Reste une question : est-ce que l’activité du  commerce à  travers l’Océan  Atlantique après la connaissance des Européens et leur émigration  vers les deux Amériques  n’a pas impacté la Méditerranée ? En  fait, cette influence  a été  relative et n’a pas eu  l’effet  qui mettrait  fin  au rôle de cette mer : le mouvement du  commerce international via la Méditerranée demeure florissant et important. D’autant  plus  que le creusement  du Canal  de Suez et  son inauguration  en  1869 a  rendu  à la Méditerranée  son prestige et sa splendeur  et  pour que Port-Saïd  véhicule également  son  âme avec l’installation  en  son sein  de communautés  européennes.

Avons-nous  besoin de davantage d’incidents et de preuves pour  assimiler la Méditerranée et  son  esprit ?         

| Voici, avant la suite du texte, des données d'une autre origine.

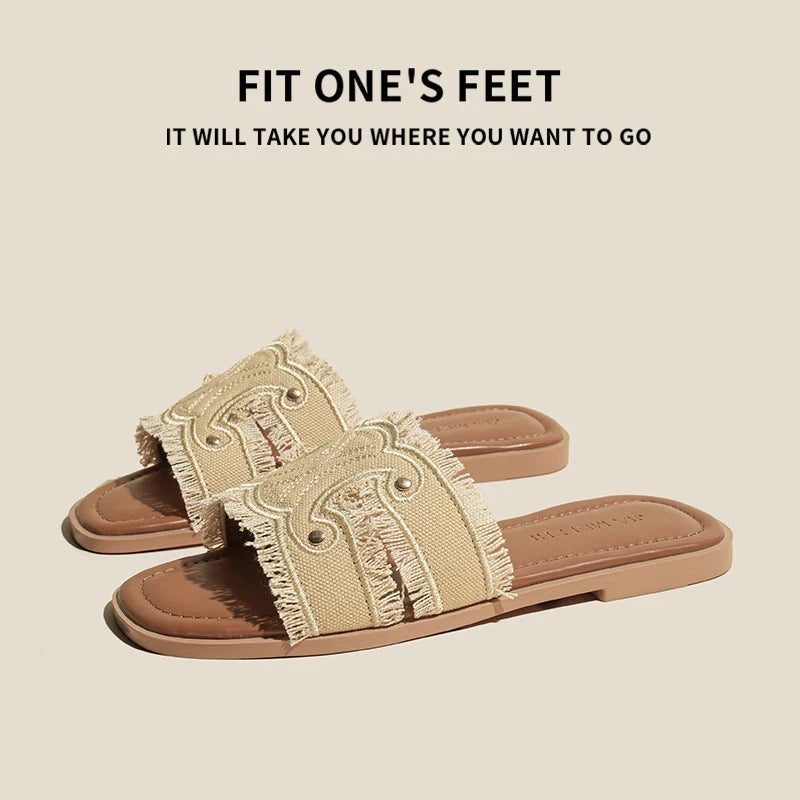 Sheepskin Version~New genuine leather denim slip-on sandals for women,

A  vrai dire,   on  a été témoins au  cours de ces dernières décennies  d’études fouillées effectuées dans les universités  du  nord et du sud de la Méditerranée  ainsi  que de  nombreuses conférences, forums, séminaires et la publication d’ interventions et de recherches multiples qui  sont  restés confinés dans les cercles universitaires et politiques et dans les instituts de recherche  scientifique . Néanmoins, cet  esprit peine à  s’ancrer  dans les années à  venir en  raison  de l’absence de partenariats solides et d’intérêts mutuels  entre les peuples et les Etats.  L’initiative  de l’Union pour la Méditerranée  fut  purement officielle  et ne s’est pas étendue  jusqu’à la construction  de partenariats sur  la  base des intérêts communs. De plus, les manuels scolaires des deux rives de la Méditerranée sont lacunaires sur le point de définir cet esprit.  Ils portent l’accent  sur les guerres et les conflits politiques sans présenter  de lecture  qui  incite à la recherche de  points communs. C’est  pourquoi, il importe  d’insuffler  cette âme à  travers deux musées l’un  au nord et l’autre  au  sud qui  nous présenteraient l’âme de la Méditerranée  ainsi qu’à  travers des festivals  qui iraient  dans ce sens. A  ce point. Il serait  intéressant d’attirer l’attention  sur  une  curiosité culinaire  celle des plats d’aubergine qui  sont  répandus dans toutes les cuisines à l’est de  cette mer  avec des différences  remarquables entre son utilisation  à Chypre,  en  Syrie ou en  Egypte. Pourquoi  ne pas faire en  sorte pour enrichir  le  savoir des peuples à  travers un  festival qui  passerait,  par rotation,  d’une ville  à une autre où l’on  assisterait à une compétition  acharnée  entre les villes de la Méditerranée qui  présenteraient  leurs recettes créatives  d’aubergine qui  mettraient l’eau  à la bouche  et stimuleraient  l’imagination.  Sortir des sentiers battus engendre des idées qui  créent  le rapprochement  entre les peuples dans une recherche de leurs intérêts communs dans tous les domaines. 

La tenue du  tournoi des jeux méditerranéens à partir de la ville  d’Alexandrie a constitué un  événement important  qui a instauré la vision  de l’Egypte vis à  vis de la Méditerranée  et de ses Etats. Cependant,  il importe aujourd’hui  de tenir,  tous les trois ans et par rotation  à  travers les villes méditerranéennes,  un festival  portant  sur le patrimoine et le folklore  de la Méditerranée  comme sur tous les arts  et les patrimoines culinaires surtout  que la cuisine méditerranéenne occupe la place vedette au  niveau  de sa richesse, de sa variété  et de son authenticité.